Haloalkanes and Haloarenes | IISER Smart Prep

1. Classification

Halogen compounds are classified based on the number of halogen atoms (mono, di, tri) and the hybridization of the carbon attached to the halogen.

Alkyl Halides (sp³): Primary (1°), Secondary (2°), Tertiary (3°). Attached directly to an alkyl carbon.
Allylic Halides (sp³): Halogen bonded to an sp³ hybridized carbon next to a C=C double bond.
Benzylic Halides (sp³): Halogen bonded to an sp³ hybridized carbon next to an aromatic ring.
Vinylic Halides (sp²): Halogen bonded directly to a C=C double bond carbon.
Aryl Halides (sp²): Halogen bonded directly to an aromatic ring (Haloarenes).

2. Nomenclature

IUPAC Name: Haloalkane (e.g., 2-Chloropropane). Halogen is always treated as a substituent, lowest locant rule applies.

Common Name: Alkyl halide (e.g., Isopropyl chloride).

Dihalides:

Geminal dihalide (Gem-dihalide): Both halogens on the SAME carbon (e.g., Ethylidene chloride).
Vicinal dihalide (Vic-dihalide): Halogens on ADJACENT carbons (e.g., Ethylene dichloride).

3. Nature of C–X Bond

Halogens are more electronegative than carbon, making the C–X bond highly polarized. The carbon becomes partially positive (electrophilic center) and the halogen partially negative.

Dipole Moment Order:

CH₃Cl > CH₃F > CH₃Br > CH₃I

Note: CH₃Cl has a higher dipole moment than CH₃F despite Fluorine's higher electronegativity because the longer C-Cl bond length compensates for the lower charge difference (Dipole Moment = Charge × Distance). This is a frequent IAT trap!

4. Preparation of Haloalkanes

From Alcohols:

Reaction with HX: R-OH + HX → R-X + H₂O (Needs ZnCl₂ catalyst for 1° and 2° alcohols - Lucas Reagent).
Reaction with PCl₃/PCl₅: Produces alkyl chlorides.
Thionyl Chloride (SOCl₂): R-OH + SOCl₂ → R-Cl + SO₂↑ + HCl↑. Best method because byproducts are escapable gases.

From Hydrocarbons:

Free Radical Halogenation: Alkanes + Cl₂ (in UV light) → Mixture of mono/poly haloalkanes.
Electrophilic Addition: Alkenes + HX → Markovnikov addition.

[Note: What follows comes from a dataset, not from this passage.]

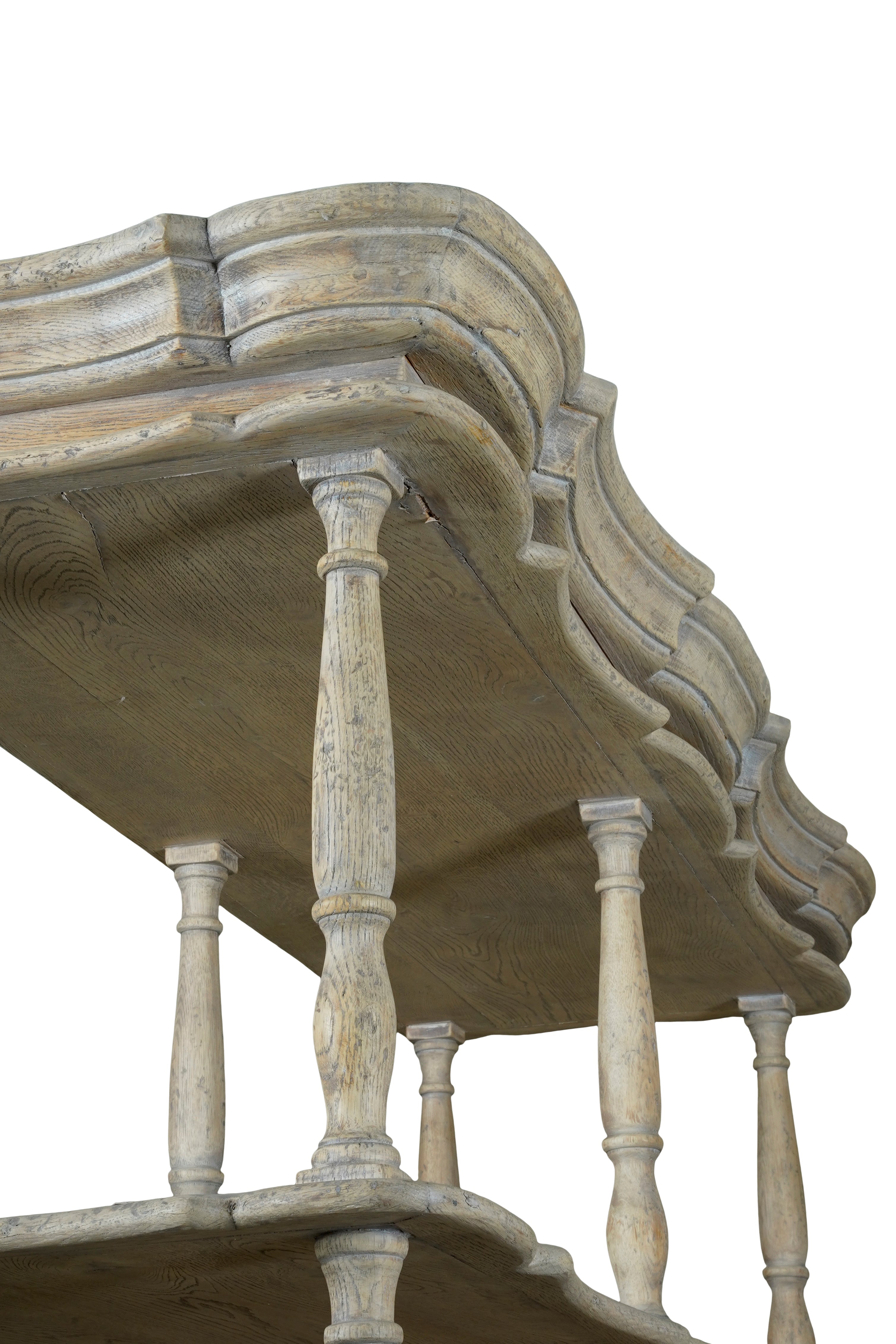 French Country Open Shelve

Addition of HBr in presence of peroxide gives Anti-Markovnikov product.

Halogen Exchange (Name Reactions):

Finkelstein Reaction (For Alkyl Iodides): R-X + NaI → R-I + NaX↓ (in dry acetone). Le Chatelier's principle drives it as NaX precipitates.
Swarts Reaction (For Alkyl Fluorides): R-X + AgF/Hg₂F₂/CoF₂ → R-F.

5. Preparation of Haloarenes

From Hydrocarbons:

Electrophilic Substitution: Benzene + X₂ (with anhydrous FeCl₃/AlCl₃ in dark). It directs ortho and para if an activating group is present.

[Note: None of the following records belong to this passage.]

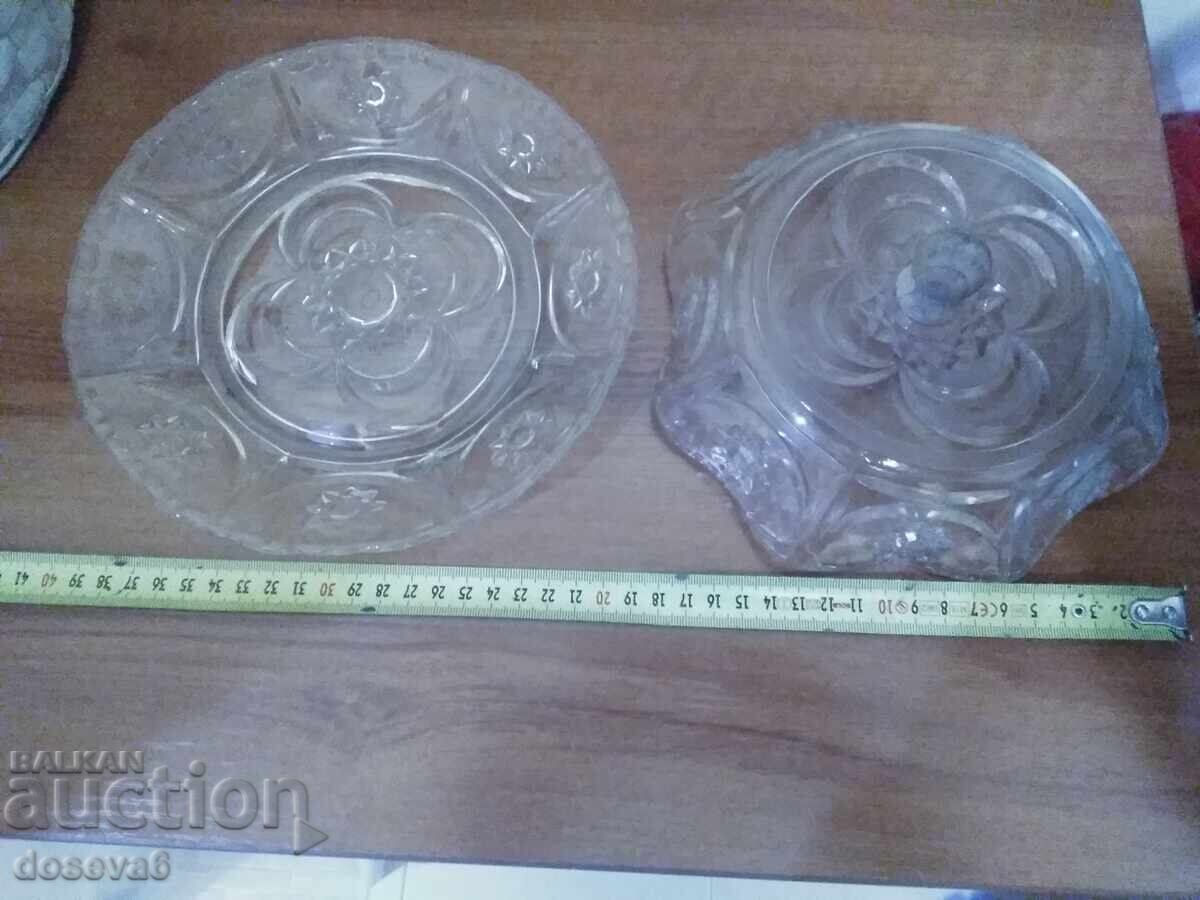 Доставка на съд за бонбони,ядки, сладки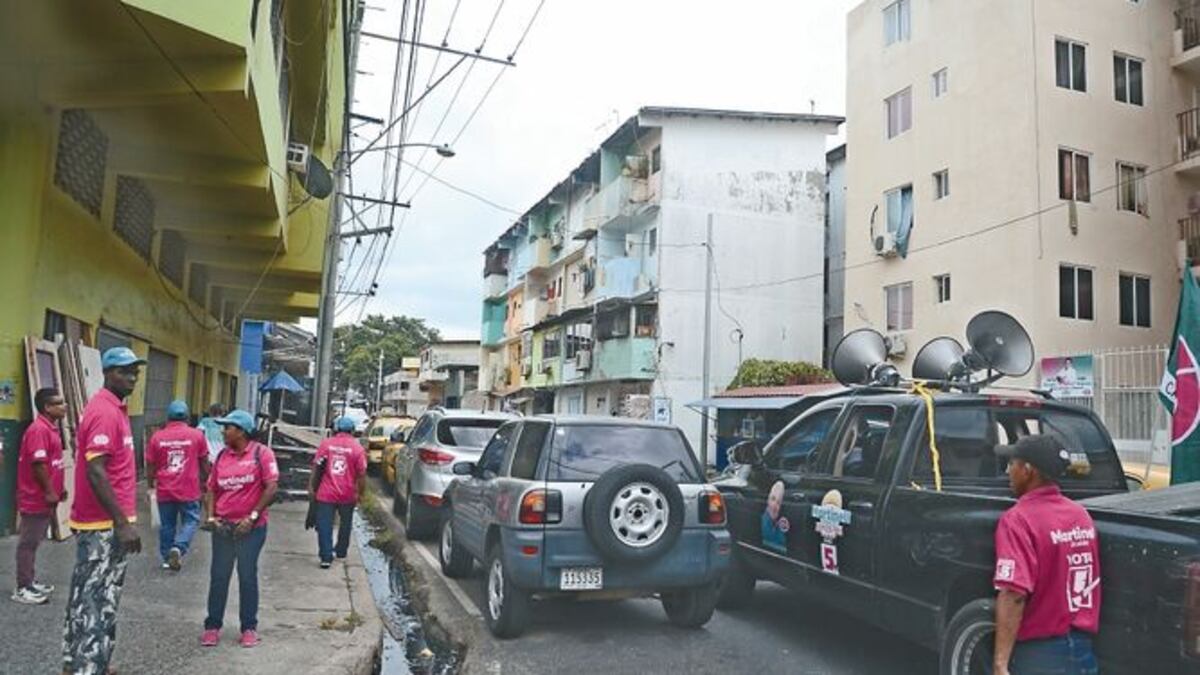 Calle de El Chorrillo, el corazón del feudo político de Sergio ‘Chello’ Gálvez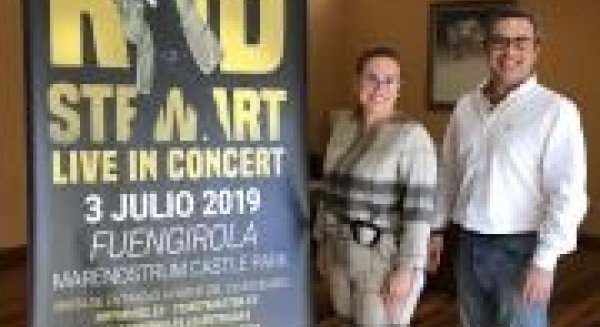 La leyenda viva Rod Stewart con su “Live in concert” llega el 3 de julio al Manenostrum 2019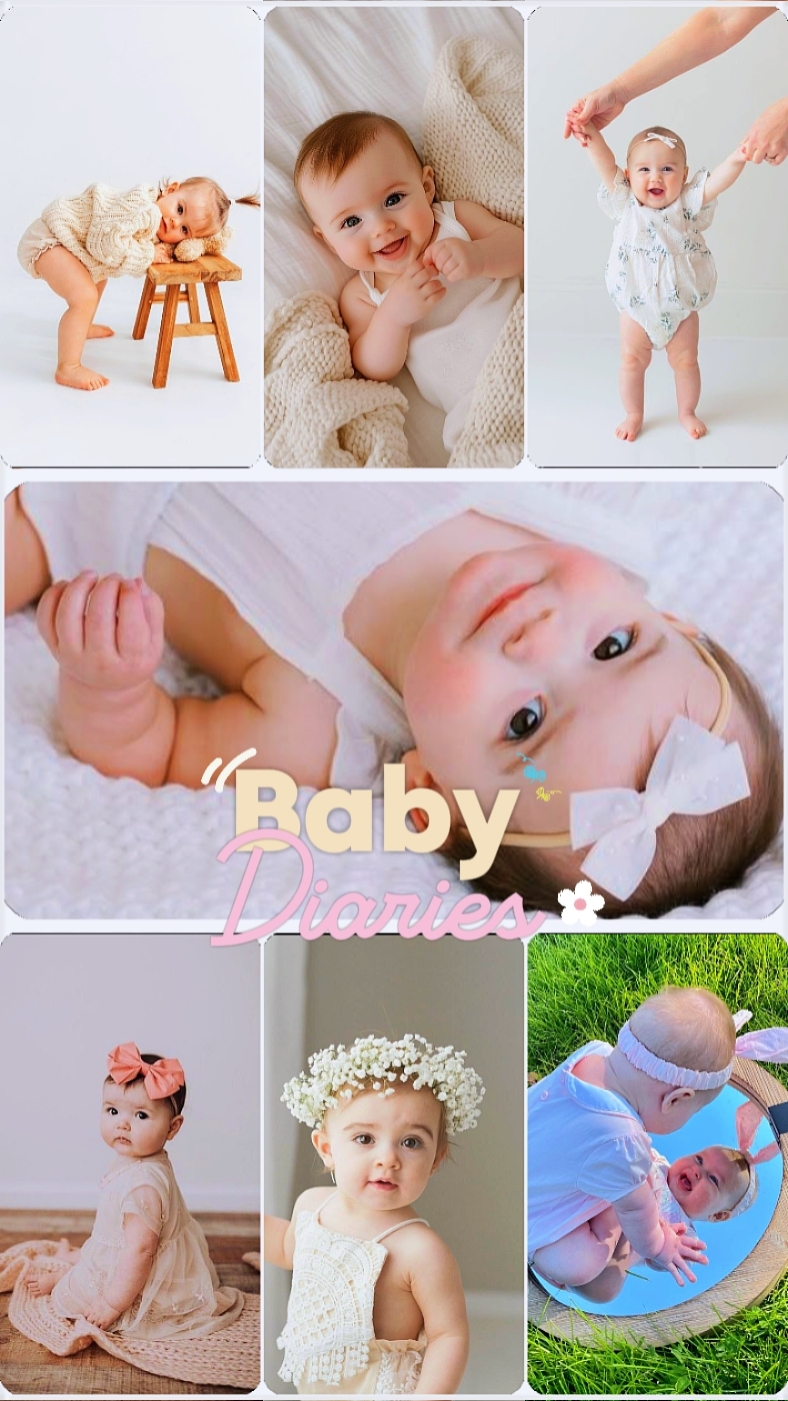 Cute Baby Diaries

From Amines (Sandmeyer Reaction):

Aniline reacts with NaNO₂ + HCl at 0-5°C to form Benzene Diazonium Chloride (C₆H₅N₂⁺Cl^-).
Diazonium salt reacts with Cu₂X₂/HX (where X = Cl, Br) to form Haloarene + N₂ gas.
Gatterman Reaction: Variation using Cu powder + HX instead of cuprous salts.

6. Physical Properties

Boiling Point: Higher than parent hydrocarbon due to polarity and stronger Van der Waals forces. Increases with molecular mass (R-I > R-Br > R-Cl > R-F). Note: Branching decreases boiling point (spherical shape reduces surface area).
Solubility: Haloalkanes are polar but insoluble in water because they cannot form hydrogen bonds with water nor break existing water-water H-bonds. Soluble in organic solvents.
Density: Bromo, iodo, and polychloro derivatives are heavier than water. Density order: I > Br > Cl.

7. Chemical Reactions

Nucleophilic Substitution

Nucleophile (electron rich) attacks the partial positive carbon, kicking off the halide leaving group. Haloarenes are extremely unreactive towards nucleophilic substitution compared to haloalkanes due to resonance stabilization of the C-X bond (partial double bond character).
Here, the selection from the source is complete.